To interrogate the antigen specificity of the predictive signatures of response/nonresponse, we collected two previously published datasets that have empiric validation of CDR3 sequences to antigens/epitopes. As our clinical cohort consists of patients with melanoma, we first use a melanoma relevant dataset where the authors established links between TCR sequence, antigen specificity, and gene expression phenotype (). We also use McPas-TCR, a larger dataset with TCR sequences and their known specificities (). For the melanoma dataset (), because this dataset had the CDR3-β sequence, V/D/J gene usage, and HLA background of the individuals, we were able to score each TCR by running it through our pretrained model. In our analysis of the McPas-TCR database, to maximize the overlap of TCRs between our cohort of patients and those found in the database, we cross-matched TCRs from our clinical cohort (with predictive likelihoods) with TCRs in the McPas-TCR database at only the CDR3-β sequence level to assign known antigen-specific TCRs to their likelihood of response/nonresponse.

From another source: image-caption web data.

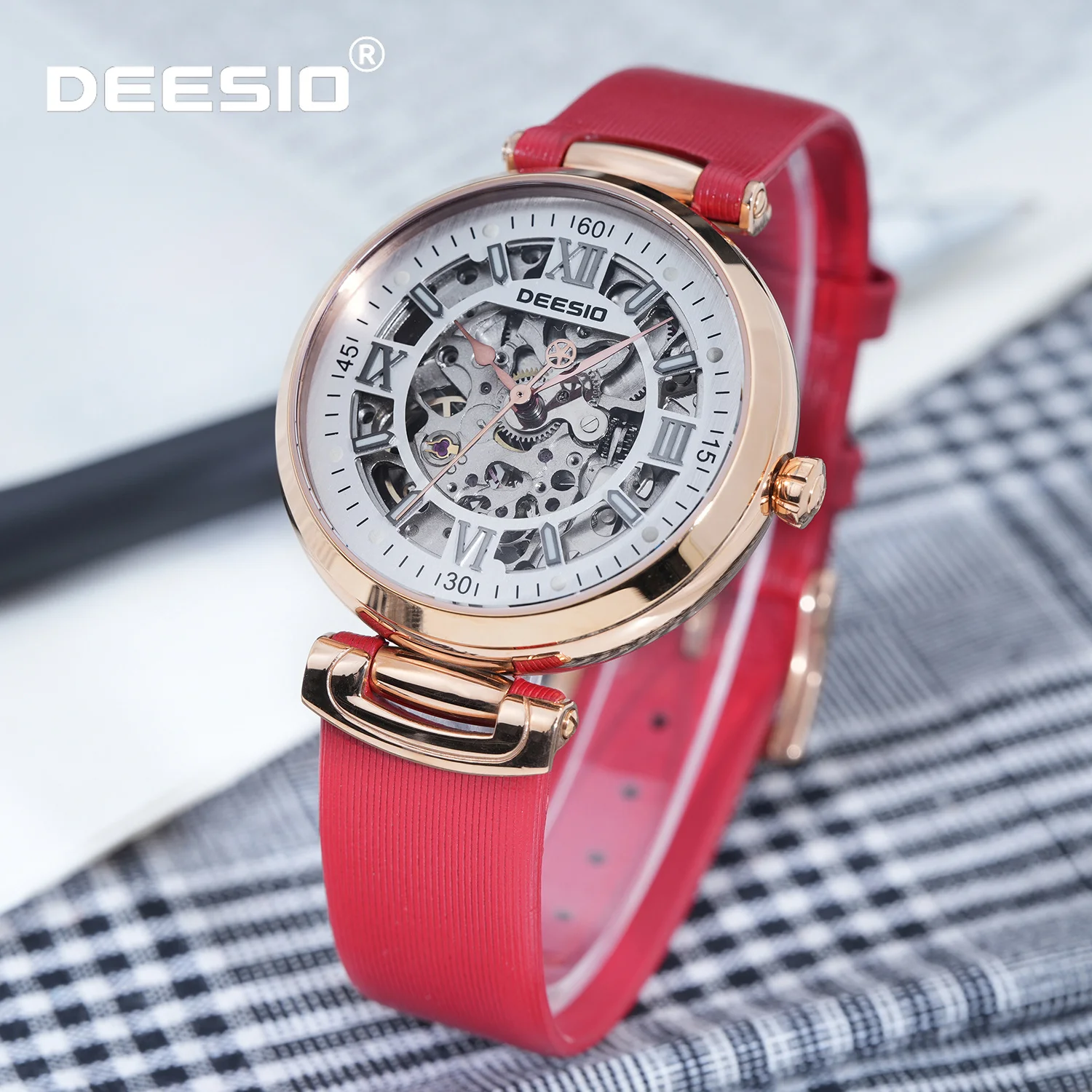 Deesio Luxury Women's Mechanical Watch Hollowed Dial Waterproof 30M Stainless Steel Wristwatch Automatic Self-Winding Movement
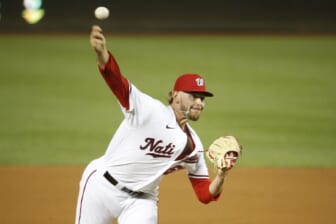 Aug 2, 2021; Washington, District of Columbia, USA; Washington Nationals relief pitcher Gabe Klobosits (68) throws the ball in the ninth inning against the Philadelphia Phillies at Nationals Park. Mandatory Credit: Amber Searls-USA TODAY Sports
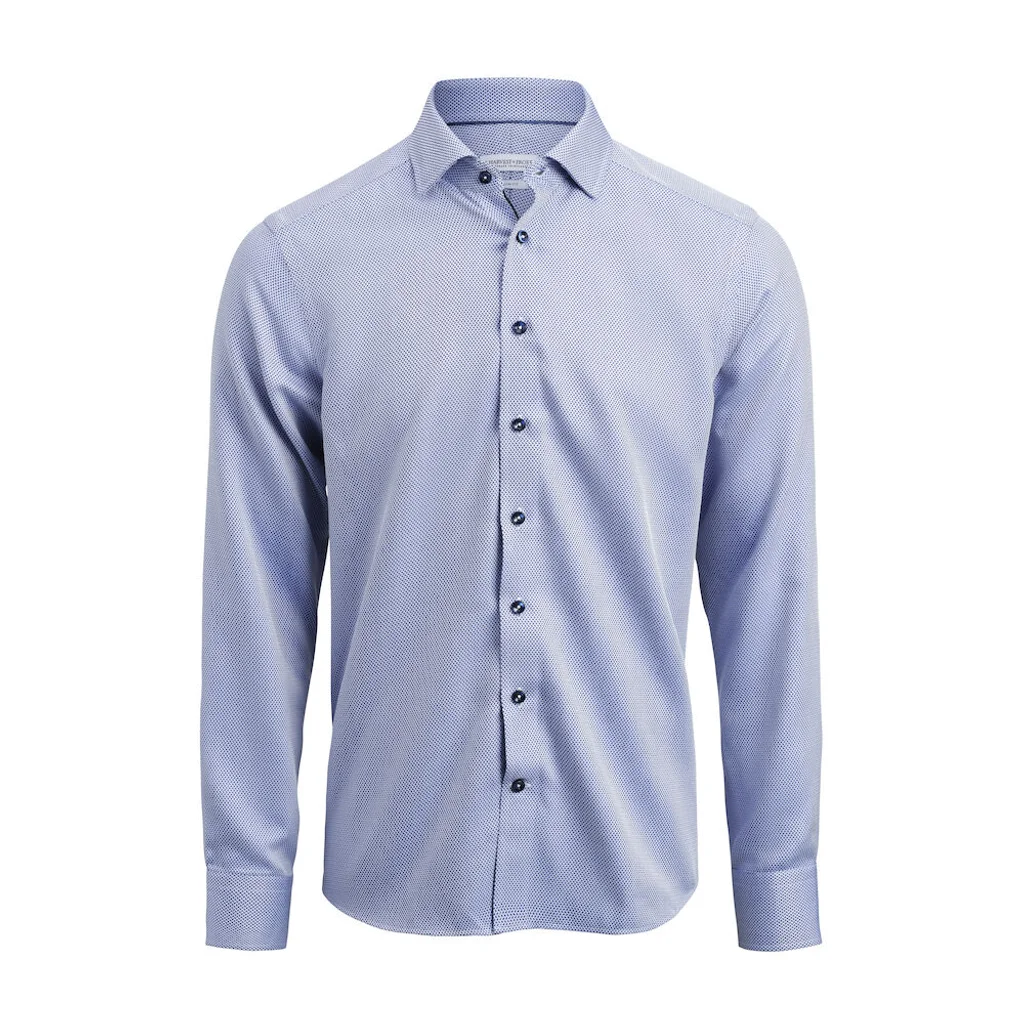 Hovedproduktbilde for Blue Jaquard J. Harvest & Frost Yellow Bow 55 Slim Fit Skjorte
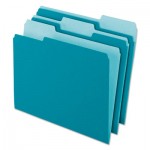 Pendaflex 4210 1/3 TEA Interior File Folders, 1/3-Cut Tabs, Letter Size, Teal, 100/Box PFX421013TEA
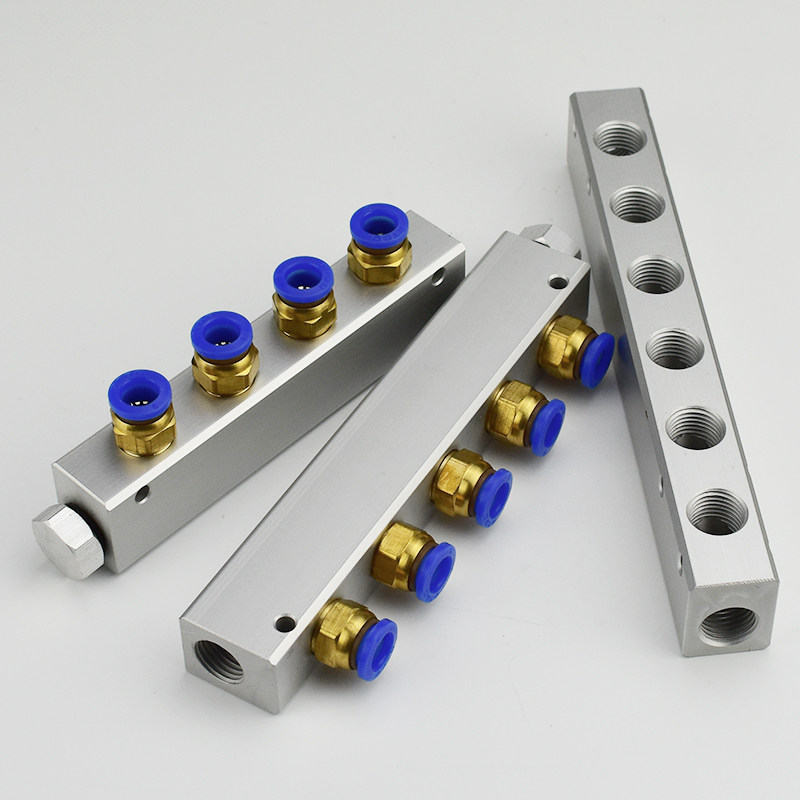 气动多管路分气排分气块空气路分配器直通分流排气W管快速接头分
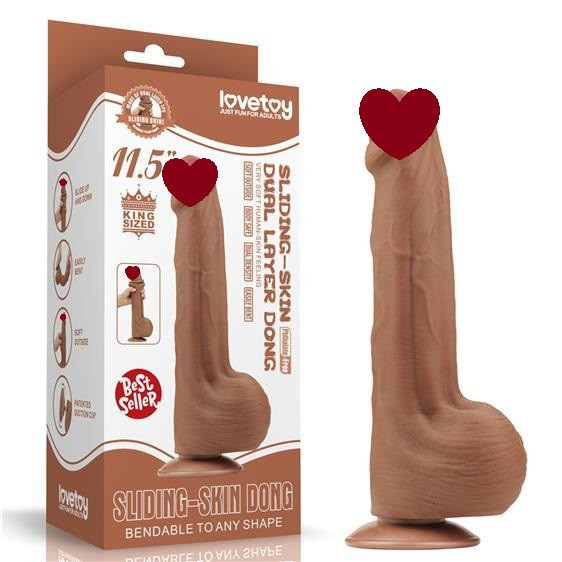 Фалоімітатор - Sliding-Skin Dual Layer Dong 11.5" Brown Sex Aura Київ - фото 1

Clonal dynamics as a function of likelihood of response

In the CheckMate-038 cohort, because there exists paired pre- and post-treatment biopsies for a subset of the patients, we wanted to interrogate the clonal dynamics in light of information provided by the predictive model of response. To do this, we divided all the TCR sequences into 10 ordinal categories representing the spectrum of virus- to tumor-specific TCRs as predicted by our model. We then further stratified these sequences by whether they were in responders (CRPR) or nonresponders (SDPD). We then looked at their clonal dynamics in reference to either their pre- or post-treatment frequencies. For the TCR sequences seen in the pre-treatment biopsies, we looked at their change in frequencies post-treatment with respect to their pre-treatment frequencies, and for the TCR sequences seen in the post-treatment biopsies, we looked at their change in frequencies pre-treatment with respect to their post-treatment frequencies. To further quantify the dynamics of TCRs at the sample/patient level, we aggregated the change in frequencies over each patient across the respective bins along the spectrum of virus- to tumor-specific to output a net change in frequency per patient.

Statistical tests and machine learning models

All statistical tests applied to data were implemented with the scipy.stats module. Classical machine learning techniques and performance metrics were implemented with scikit-learn.